Exercise: Word for word, copy the line that contains "Квартира Космос с панорамным видом на реку" and each line after it in the data below. Pictures stay out of the copy.

Source data:

+===+

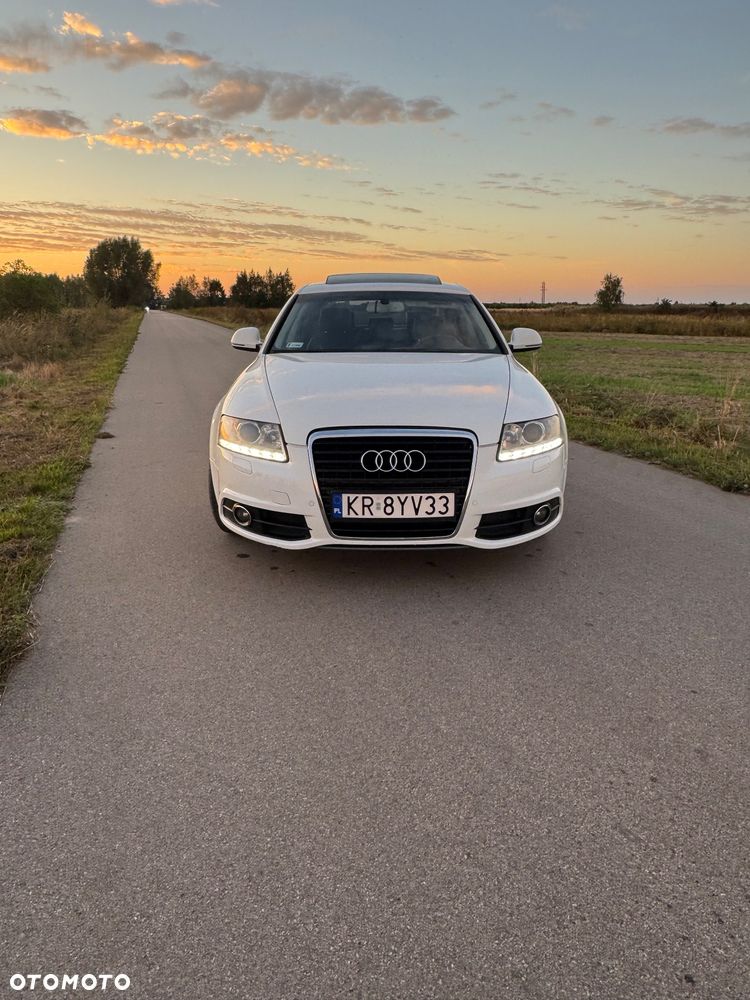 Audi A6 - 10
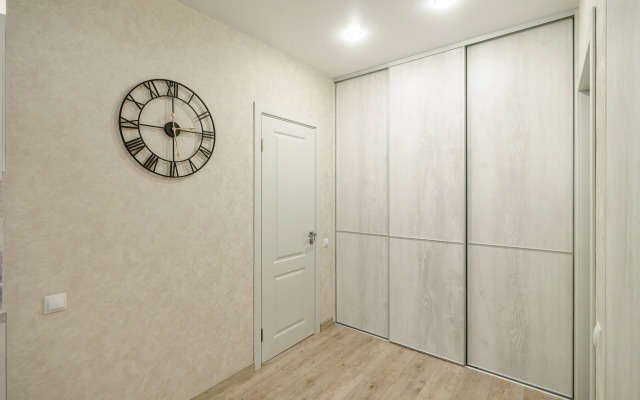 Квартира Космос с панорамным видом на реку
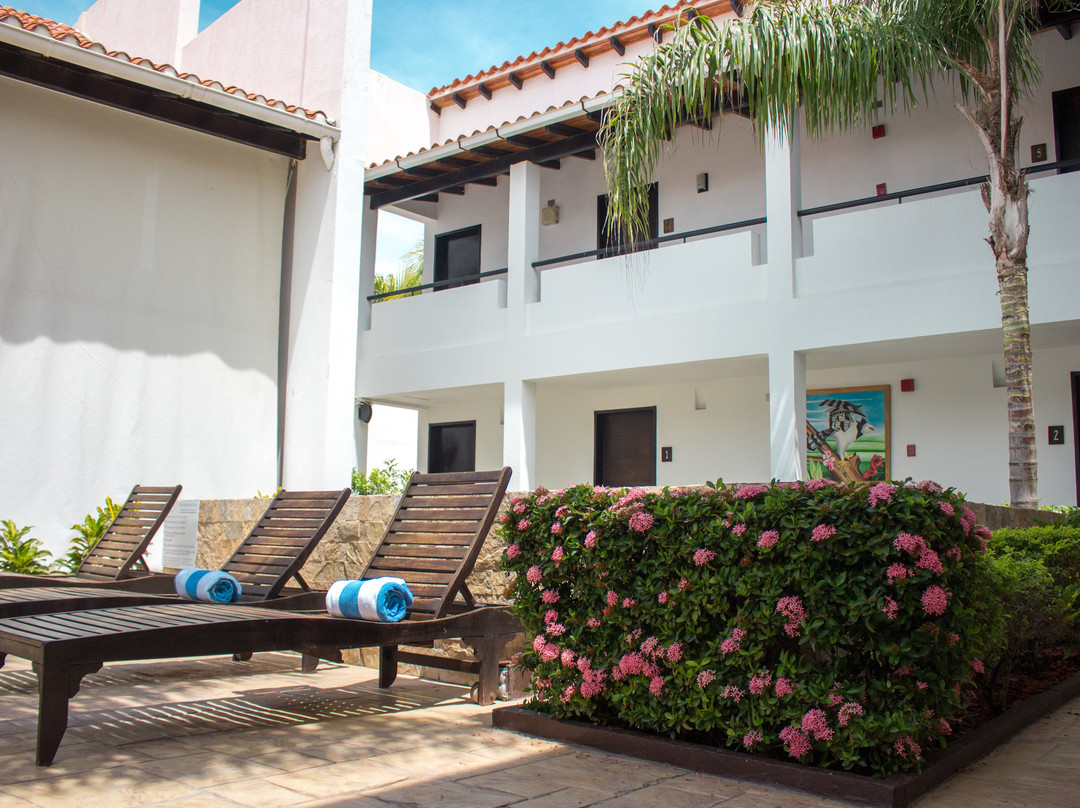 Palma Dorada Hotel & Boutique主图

+===+

Solution to this task:
 Квартира Космос с панорамным видом на реку
 Palma Dorada Hotel & Boutique主图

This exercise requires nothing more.